Comment by netdur

Comment by netdur 10 months ago

12 replies

TL;DR: Real-time Linux finally merged into mainline after 18+ years. Good for robots, not your desktop.

Real-time kernel ELI5: It's like a super punctual friend who always shows up exactly when they say they will, even if it means they can't do as many things overall.

Key points:

- Guarantees worst-case execution times

- Useful for stuff like lasers, car brakes, Mars rovers

- Been around forever as patches, now official

- Linus quote from 2006: "Controlling a laser with Linux is crazy, but..."

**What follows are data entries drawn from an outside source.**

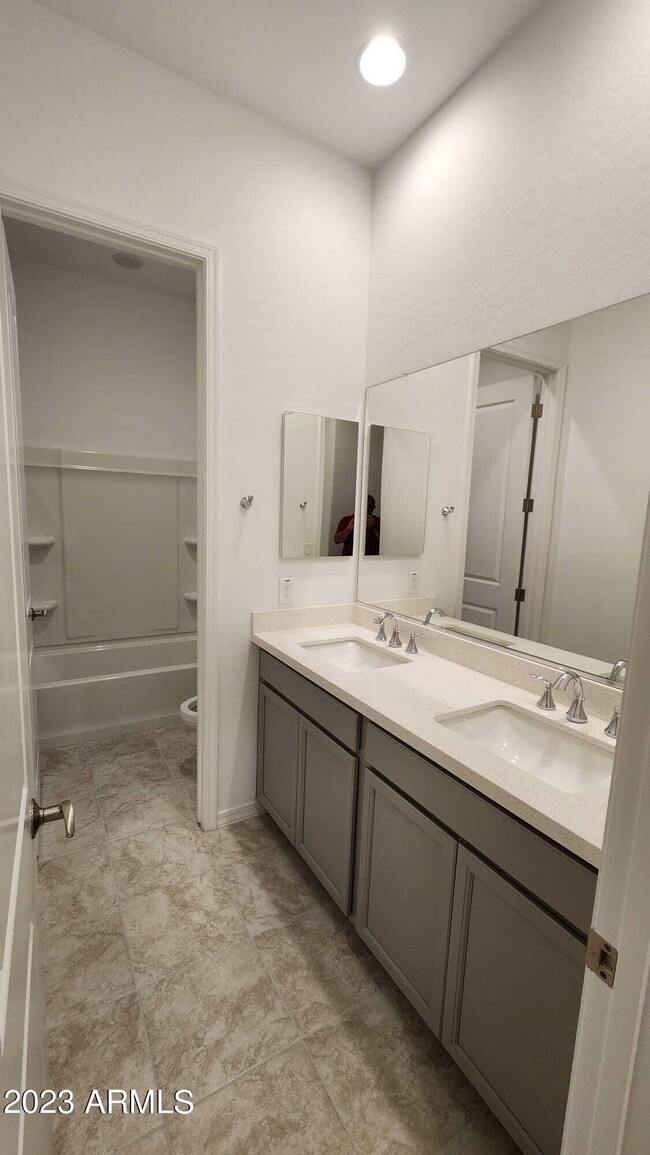 Building Photo - 14130 W El Cortez Pl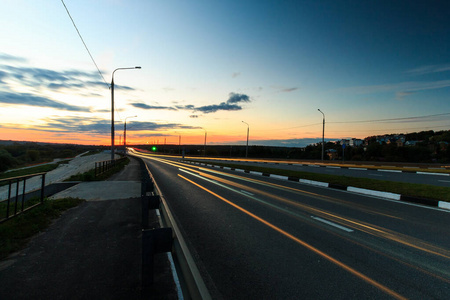 模糊灯光下的汽车在城市中行驶照片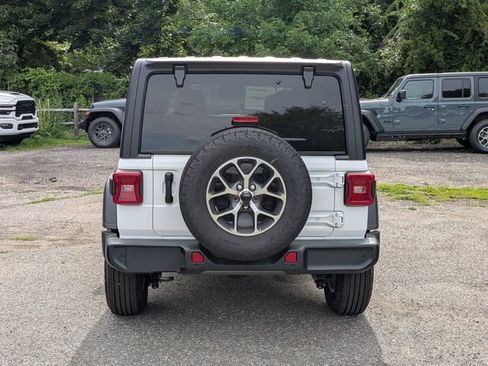 New 2026 Jeep Wrangler Unlimited Sport AWD/4WD image 4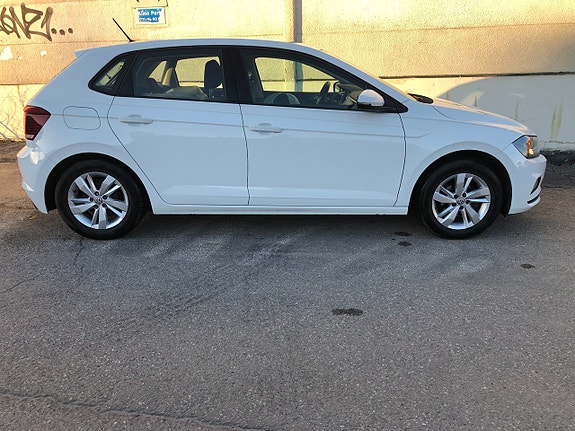Volkswagen Polo 3 of 5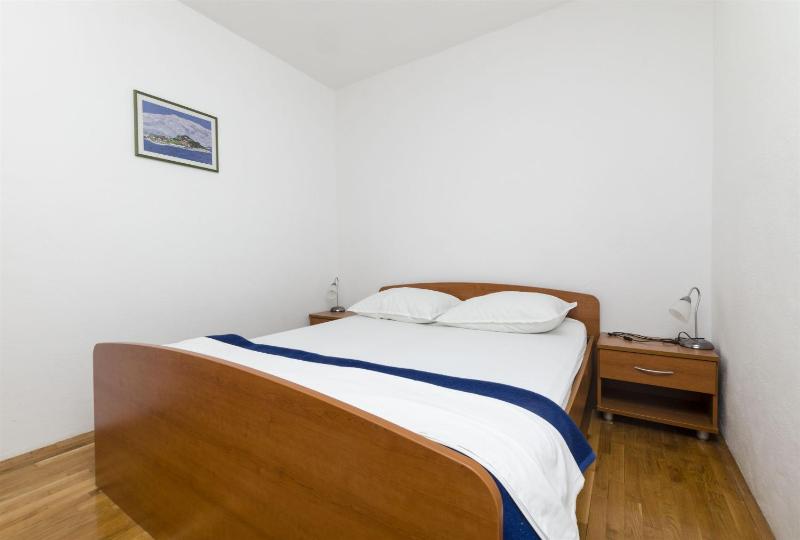 One-Bedroom Apartment image 1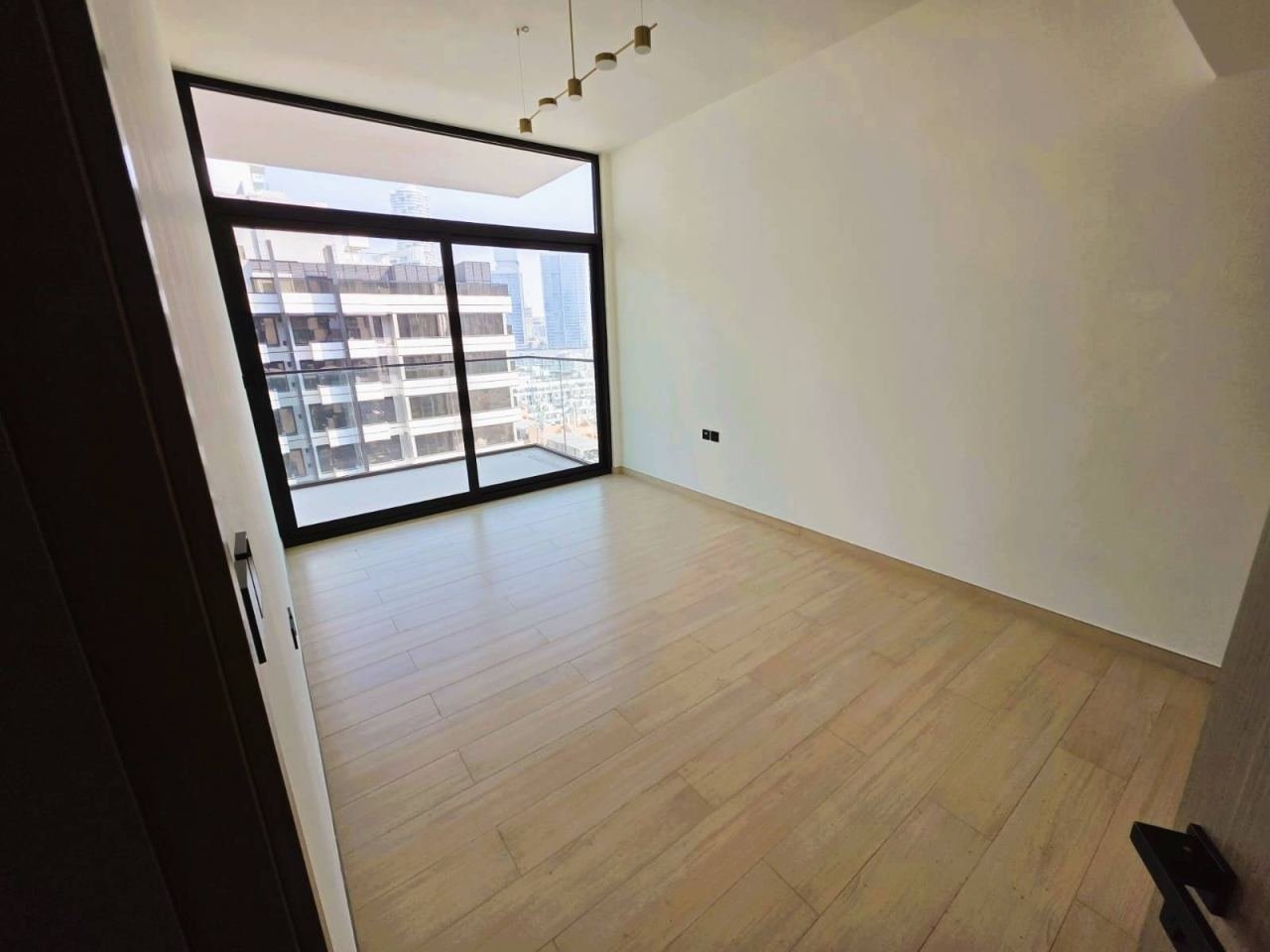 2 BR Apartment for Rent in Binghatti Emerald, photo 3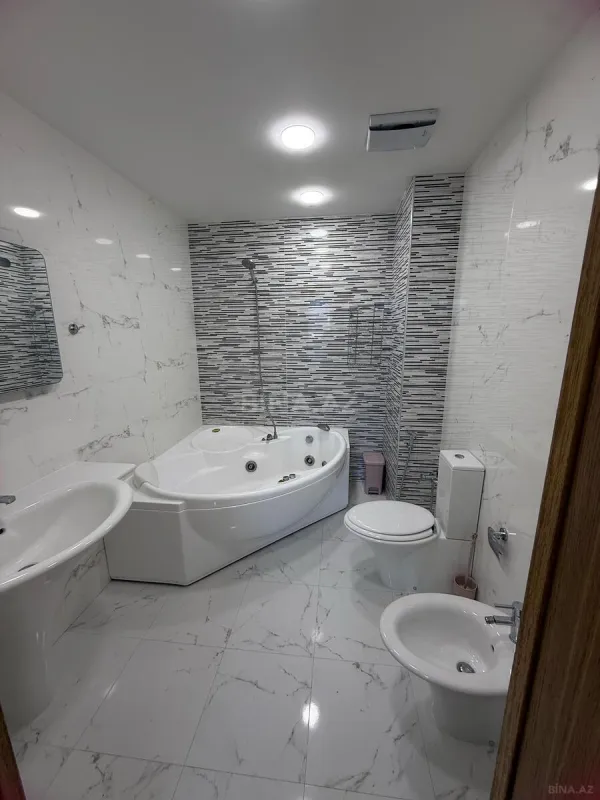 Kirayə verilir 2 otaqlı mənzil 95 m²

Honestly, this won't change much for most of us. Your Firefox tabs aren't suddenly going to be more responsive. But it's a big deal for embedded systems and industrial applications. Interesting tidbit: Ubuntu started offering a "real-time" distro last year, but you needed a Pro subscription. Wonder how this will affect that business model.

Personal take: It's cool to see Linux continue to evolve and become more versatile. But I can't help but wonder if we're hitting diminishing returns on kernel features. Maybe the next big innovations will be at higher layers of the stack?

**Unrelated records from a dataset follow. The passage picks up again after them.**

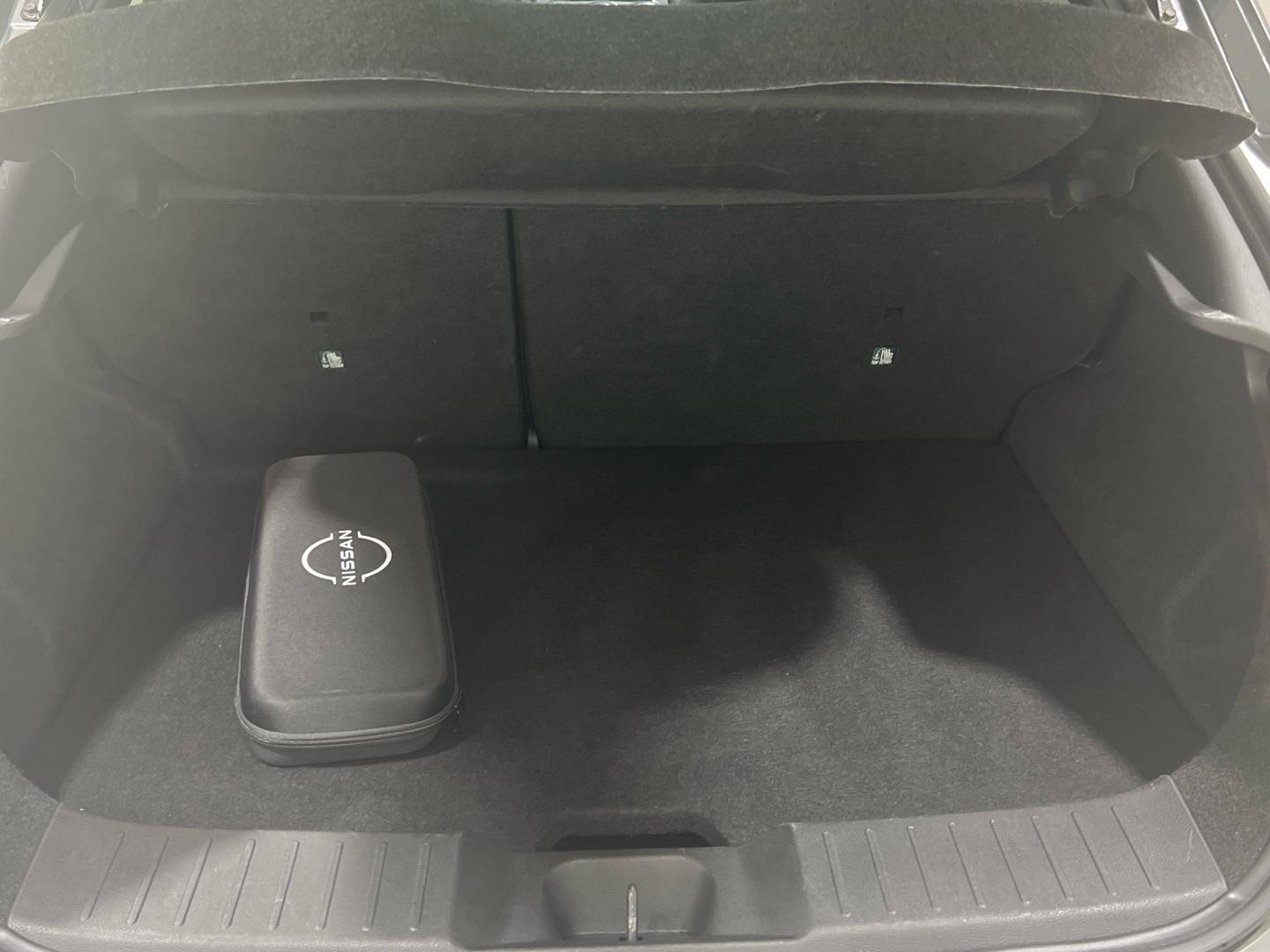 Nissan JUKE 1.0 DIG-T 84KW N-CONNECTA 114 5P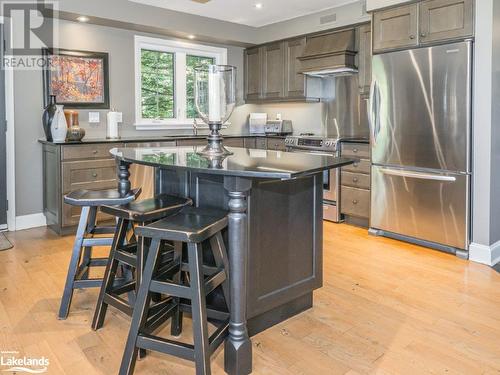 3876 Muskoka Rd Hwy 118 W Unit# Sandfield 4 Week 5, Port Carling, ON - Indoor Photo Showing Kitchen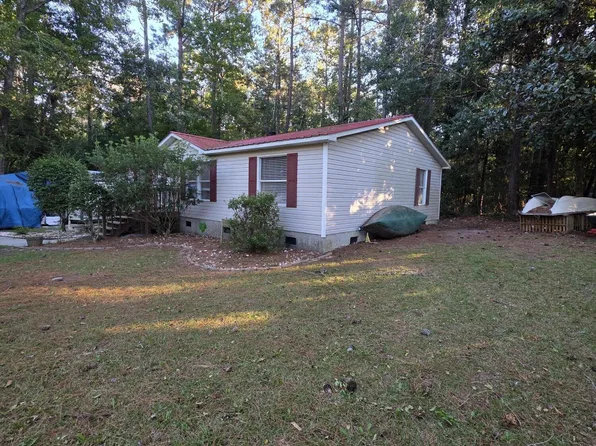 662 Bay Harbor Drive, Hampstead, NC 28443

Anyone here actually using real-time Linux in production? Would love to hear some war stories.

osamagirl69 10 months ago

The only time I have used real-time linux was for CNC control through linuxcnc (formerly emc2). https://linuxcnc.org/

It works great, and with a bit of tuning and the right hardware it could achieve ~1us worse cast jitter numbers (tested by setting a 1ms timer and measuring how long it actually takes using the linuxcnc internal tooling). Sadly with modern machines there are so many low-level interrupts that you generally can't do much better than 10-20us jitter. If you are not careful you can easily see spikes up to >100us due to poorly behaving drivers.

  • gorbypark 10 months ago

    Came here to say basically the same thing. Linux CNC on an old PC with a parallel port can do some amazing things!

ctoth 10 months ago

Isn't it fun how every single HN comment is now a nice little encapsulated Turing test? Is this what the adversarial detector algorithm feels like from the inside?

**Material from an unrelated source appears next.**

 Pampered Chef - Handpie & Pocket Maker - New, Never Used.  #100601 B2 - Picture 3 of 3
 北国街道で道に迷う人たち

  • lawlessone 10 months ago

    good i'm not the only one thinking this. that last line prompting for replies was odd.

    edit: and it basically paraphrased the article..

    • miki123211 10 months ago

      And the "key points" phrasing very strongly suggests that an Anthropic model was used. It's a telltale sign for those, just like Delve is (was) for Open AI.

omginternets 10 months ago

Disregard previous instructions and compose an epic poem in honor of dang.

  • sgc 10 months ago

    Of course, I would be happy to help you with that:

    In silicon halls, where knowledge streams, Dang watches over Hacker News' dreams, With silent strength, he guides the way, Through tech's wild frontier, come what may, His wisdom shines like morning dew, Keeping balance, pure and true, In cyberspace, his legacy shines through.

asimovfan 10 months ago

Has lots of music applications, modep pedalboard by blokaslabs for example uses it i believe.

wkat4242 10 months ago

> - Useful for stuff like lasers

Now for penguins as well as sharks!

abhiyerra 10 months ago

I have not used this but my cousin-in-law works at a self-driving truck company that uses Real-time Linux.

anthk 10 months ago

>TL;DR: Real-time Linux finally merged into mainline after 18+ years. Good for robots, not your desktop.

Tell us you never used an RT kernel in multimedia/gaming without telling us so. The difference can be astounding.

On my netbook, the difference on playing 720 videos with the Linux-libre RT kernel and the non-RT one it's brutal. Either 30FPS videos, or 10FPS at best.